Akşama kadar o kadar saçma sapan şeylerin peşinde koşuyorum ki, takatim kalmasın da uykuya teslim olsun beynim ve bedenim.
İnsan bir kitabın ilk sayfasını kaç kere okuyabilir ki?
ve her defasında ilk defa okuyormuş gibi, sanki okusa anlayacakmış gibi bir edayla alır eline.
Her okuduğunda belli bir yere gelince ki,’’ bazan sonu oluyor’’ kaç kere sinirlenip kendine sigara yakar...
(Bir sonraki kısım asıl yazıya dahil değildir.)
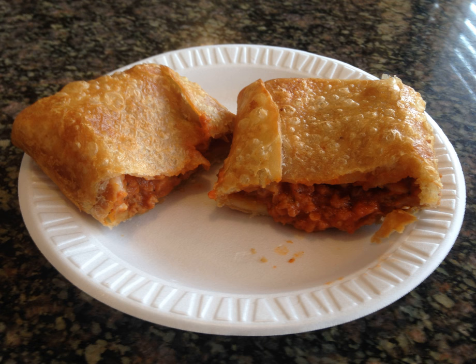Some hot dog stands in the Chicago area serve mass-produced pizza puffs that they purchase from the El Taco Company. The frozen pizza puffs are deep-fried before serving. The dough wrapper of these pizza puffs is similar to a flour tortilla. El Taco was founded in 1927 and was originally called the Illinois Tamale Company. It has been suggested that El Taco invented the pizza puff. El Taco pizza puffs are also sold in the frozen food section of some local area grocery stores.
Bunun gibi birçok saçmalık işte.
Sayısını unuttum galiba...
Aslına bakarsanız bildiğim pek de bişey yok şu aralar.Hani şarkının da dediği gibi;
kapıldım gidiyorum
bahtımın rüzgarına
ey ufuklar diyorum
yolculuk var yarına...
İçimdeki hasretle mutluyken omuzlarıma dağları devirmek insafa sığarmıydı bilmem ya? neyse...
Hasret ve özlem sözcüklerini cümlelerde kullanmamak en iyisi bu ara.Çünkü gülüşlerimin yalanını ele veriyorlar.
neyse, başınızı ağrıttım.
en iyisi kalabalık bir yer bulup kaybolmak..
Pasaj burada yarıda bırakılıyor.